The US team finished eighth by combined medal count, after countries whose team members won all golds (China, Russia, Singapore, and South Korea) and four golds and a silver (India, Romania, and Vietnam). This year, 64 competitors won gold medals, 72 received silver, and 102 took home bronze.

In the experimental part of the exam, students were asked to use a laser to investigate the diffusion of a salt solution in distilled water. They also levitated graphite pencil leads to create and characterize a magnetic camelback potential and then explored how the approach could be used for seismic sensing and volcanic monitoring.

Students tackled three theoretical questions. One involved dark matter, galactic clusters, and interstellar gas. Another required calculations related to the physics behind volcanoes, earthquakes, and tsunamis. The third dealt with cosmic inflation.

The competitors found the diffusion lab to be “numerically intensive,” the camelback potential to require “careful attention to balance,” and the theory questions “very daunting,” says Stanley, who is a physics professor at Beloit College in Wisconsin.

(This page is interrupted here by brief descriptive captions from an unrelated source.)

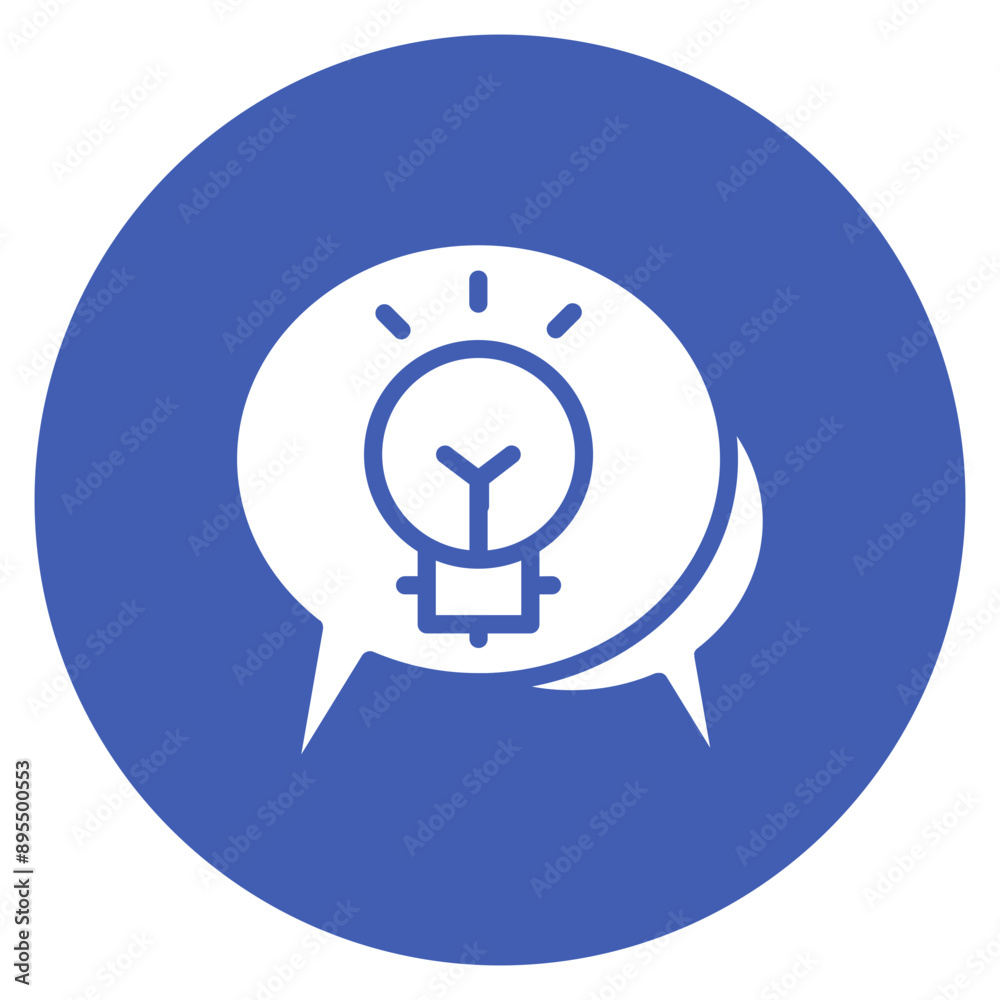 Tips And Tricks icon vector image. Can be used for Live Streaming. Tips And Tricks icon vector image. Can be used for Live Streaming.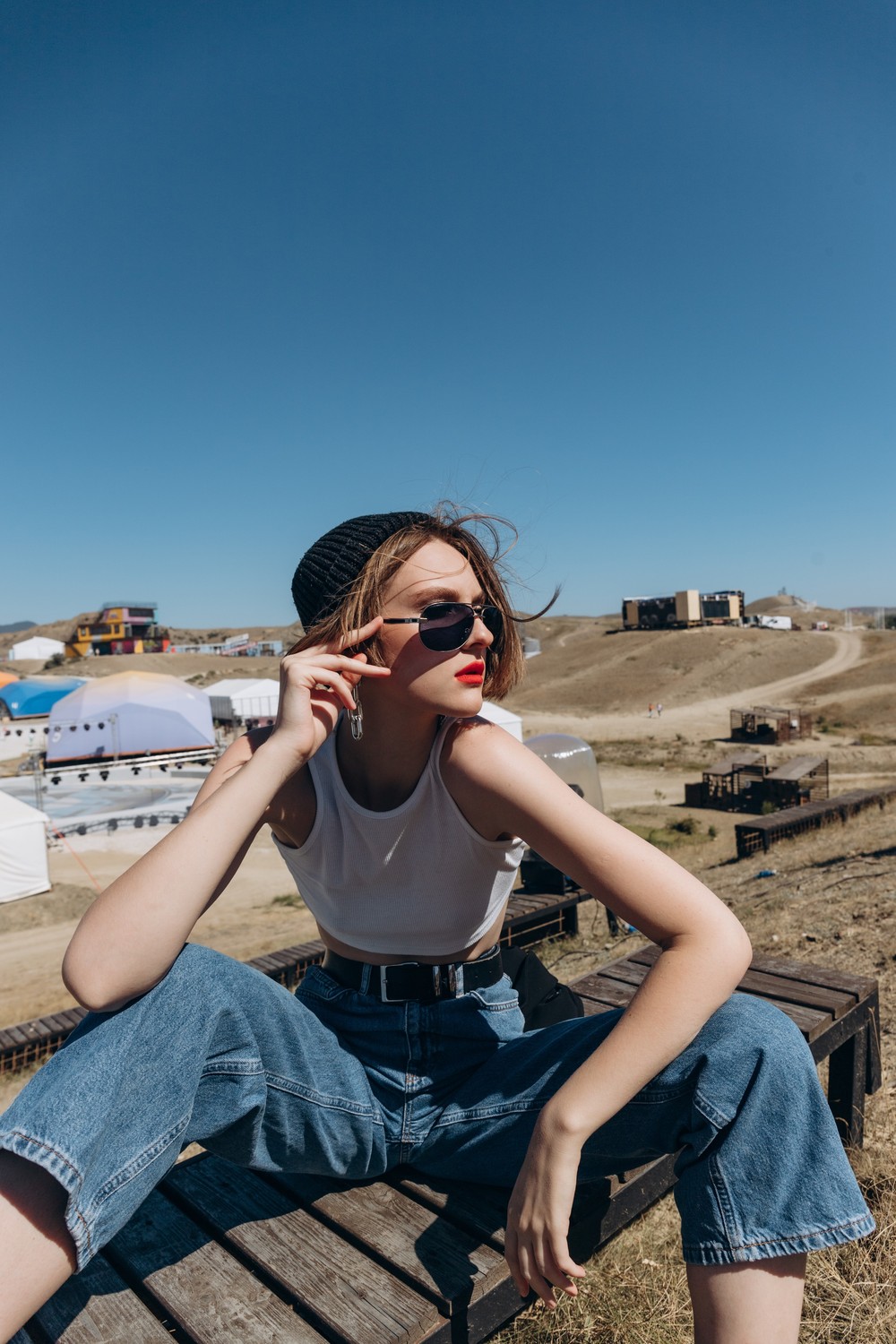 DARIA P.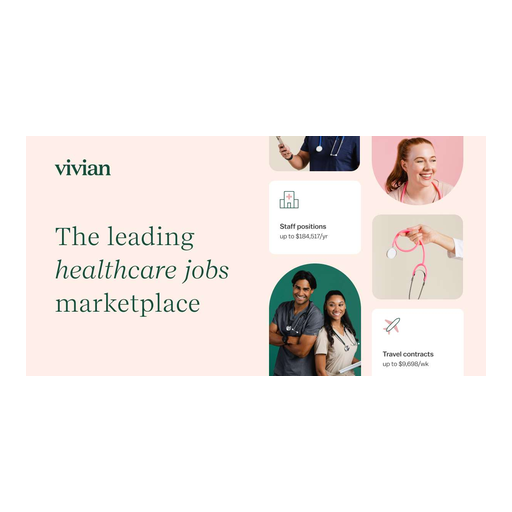 Vivian Health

The exams took place over two days. The rest of the time, students explored the area and got to know their peers from around the globe. Highlights included visits to an 18th-century palace and the 9th-century Borobudur Temple, one of the world’s greatest Buddhist monuments. The students also got to try their hands at batik-making, a method of dyeing cloth using wax to create patterns; planting rice in a paddy; and playing the anklung, a traditional musical instrument of Indonesia.

Before the Olympiad, the US competitors spent a week in Bangkok, preparing jointly with the team from Thailand.

Next year’s Olympiad will be held in Lisbon, Portugal.